By Artyom Korenyako
Starting with the 2016 summer schedule, Russian regional carrier Nordavia will operate all of its Moscow flights into and out of Domodedovo Airport. The carrier explained its transition from Sheremetyevo as an attempt at “expanding cooperation with the S7 Airlines.”
Arkhangelsk-based Nordavia began shifting its operations from Sheremetyevo to Domodedovo in 2015. In the spring of last year, Nordavia signed a code-sharing agreement with S7 Ailrines on a number of routes from Moscow to destinations in the north of Russia. The first regular flight to Domodedovo in Arkhangelsk carrier’s history was made a year ago, on March 29, 2015, from Syktyvkar.
“We confirm that Nordavia is transitioning its regular flights to Domodedovo.
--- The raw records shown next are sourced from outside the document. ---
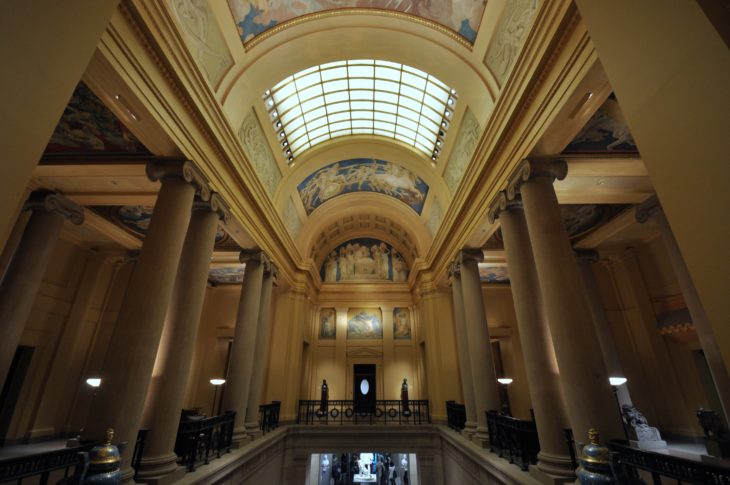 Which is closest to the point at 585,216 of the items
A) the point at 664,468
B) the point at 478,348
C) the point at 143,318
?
the point at 478,348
Charter flights in the interests of their customers may still be operated to and from Sheremetyevo. Their main destinations from Sheremetyevo in the winter season were Murmansk, Arkhangelsk, Apatity and Sochi, with up to 75 flights being operated per month,” Sheremetyevo’s spokesperson told Russian Aviation Insider.
Domodedovo in turn commented that Nordavia has operated regular flights to Murmansk, Arkhangelsk and Naryan-Mar, and the number of weekly flights will grow from 7 in the winter schedule to 14 in the summer.
“We have left Sheremetyevo because we are expanding our cooperation with the S7 Airlines and we consider Domodedovo as the best solution for connection flights. We are also trying to take advantage of the Domodedovo Transfer Service programme, which is offered by the airport. So far we have not benefited much, but hope the results will be better once the transition is complete,” Nordavia’s corporate communications director victor Anoshkin told Russian Aviation Insider.
Nordavia—originally known as Arkhangelsk Air Lines, renamed to Aeroflot-Nord after acquisition by Aeroflot in 2004 and owned by Norilsk Nickel since 2011— has just changed owner once again. Сo-owner of Red Wings Airline, Sergey Kuznetsov, has recently acquired Nordavia’s assets from Norilsk Nickel. According to Vedomisti Daily, Arkhangelsk carrier is so heavily debt-laden that the “amount of the transaction must have been symbolic.” The airline operates nine Boeing 737-500s.